Hal ini menunjukkan bahwa tasawuf sesungguhnya tidak memisahkan atau menyingkirkan dunia secara total. Hanya saja, para pelaku tasawuf memagari dunia agar mendapatkan ketenangan dan keteduhan jiwa. Karena itu, sufi bisa disebut tidak sesat.
Syekh Ibrahim Al-Kurani
Syekh Ibrahim Al-Kurani, seorang mahaguru para ulama nusantara, menulis sebuah kitab, yaitu Ithaf al-Dhaki, sebagai komentar atas kitab al-Tuhfah al-Mursalah (kitab tentang ilmu hakikat). Dahulu, kitab tersebut masuk ke Nusantara dan diajarkan tanpa memahami terlebih dahulu syariat Nabi. Hal ini menyebabkan adanya kesalahpahaman dalam pengambilan ilmu dari kitab yang ditulis oleh Syekh Al-Burhanburi itu.

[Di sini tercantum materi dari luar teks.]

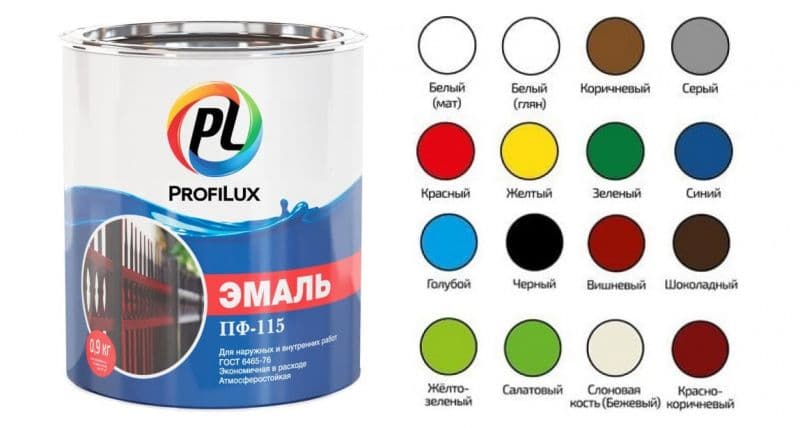 Эмаль ПФ-115 универсальная алкидная Profilux глянцевая синяя 20 кг. 2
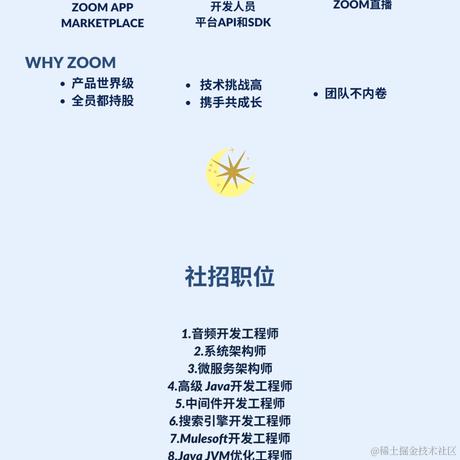 Huup_We于2022-06-02 15:55发布的图片
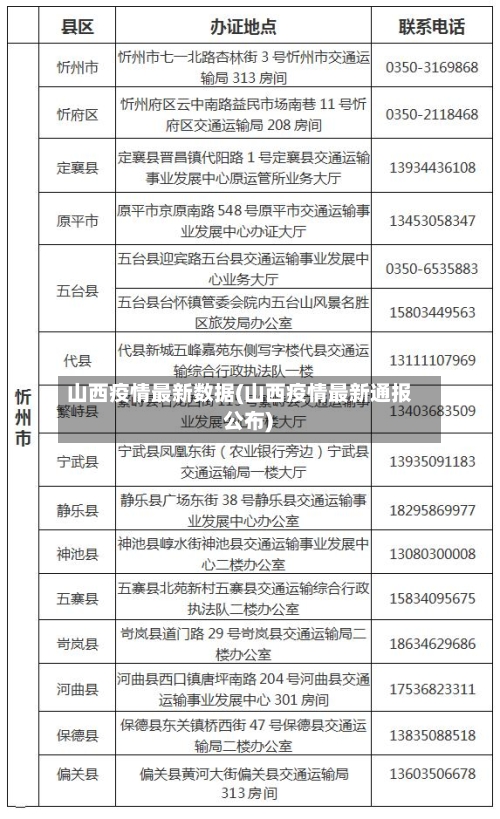 山西疫情最新数据(山西疫情最新通报 公布)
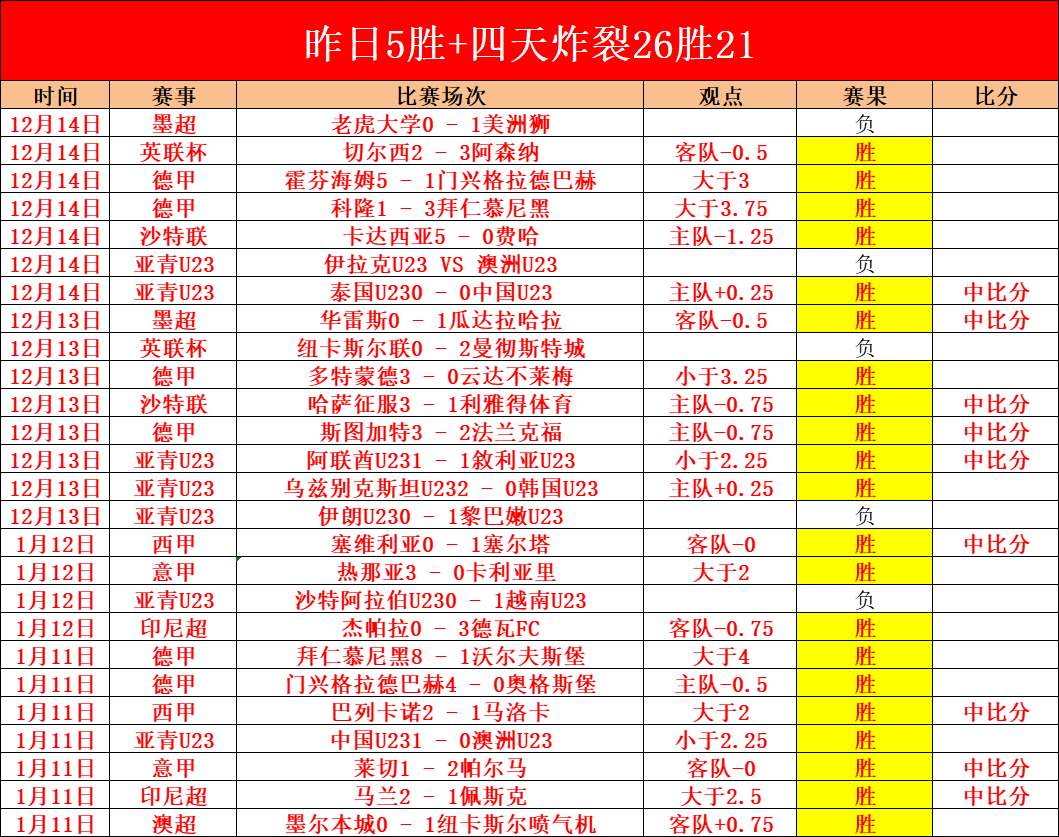 中超第,申花与国安,战平,开云体育,开云体育app,开云体育官网,开云体育下载,开云体育入口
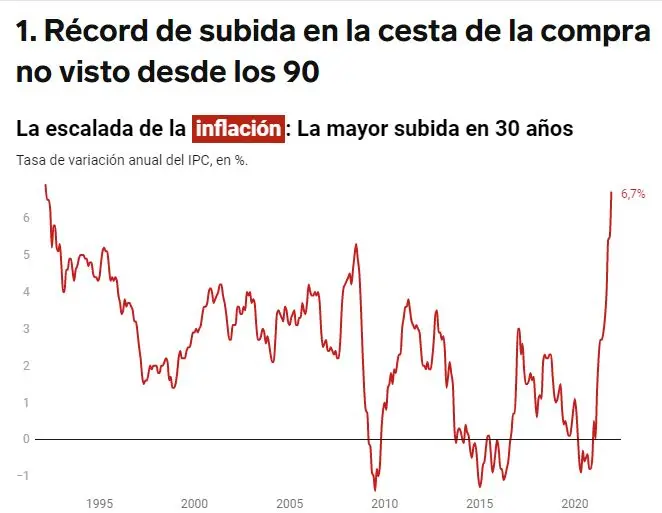 aumento de precios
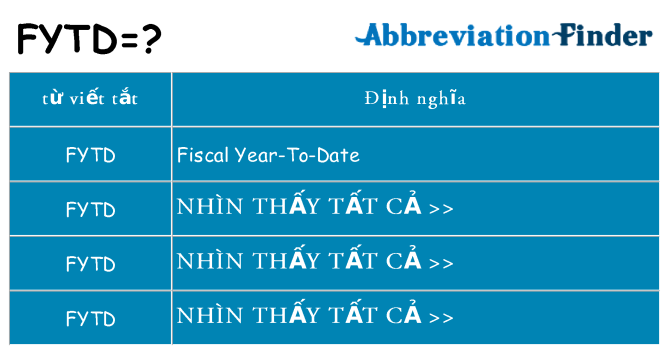fytd hiện những gì đứng cho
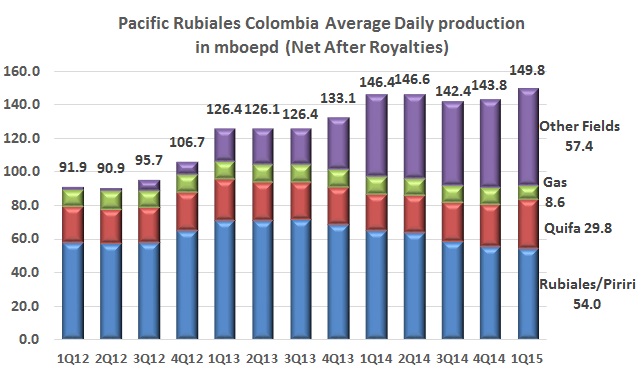 PRE cuts loss in Q2, posts record production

Syekh Ibrahim Al-Kurani menulis komentar atas kitab tersebut supaya dapat menjelaskan masalah-masalah yang dibahas dengan prinsip dasar agama, yang diperkuat dengan dalil al-Quran dan hadis.
Syekh Ibrahim Al-Kurani menjelaskan bahwa ada hal-hal penting yang harus dipahami oleh seseorang yang ingin memperdalam ilmu ini, agar tidak adanya kesalahpahaman atas apa yang disampaikan pada maksud utama dari ilmu tasawuf. Setidaknya ada tujuh hal yang harus diperhatikan, antara lain:
1. Al-Quran dan Hadis sebagai Landasan Utama
Pertama, meyakini dan tidak meragukan bahwa al-Quran dan hadis sebagai landasan utama, adalah timbangan bagi semua timbangan. Dan tidak ada kitab suci lainnya yang mampu menaunginya. Tasawuf harus senantiasa sejalan dengan ajaran Islam dalam al-Quran dan hadis.
Ketika al-Quran menaungi kitab-kitab suci lainnya, menandakan bahwa kitab-kitab umum pun ikut ternaungi di dalamnya. Dan hadis adalah penjelasan pada apa yang terdapat dalam al-Quran, sesuai apa yang disabdakan oleh Nabi SAW, “Aku telah tinggalkan untukmu Kitabullah dan Sunahku, maka berilah penjelasan Al-Quran dengan Sunahku, niscaya penglihatanmu tidak akan buta, kakimu tidak akan tergelincir, dan tanganmu tidak akan terpotong, selama kamu memegang teguh keduanya.”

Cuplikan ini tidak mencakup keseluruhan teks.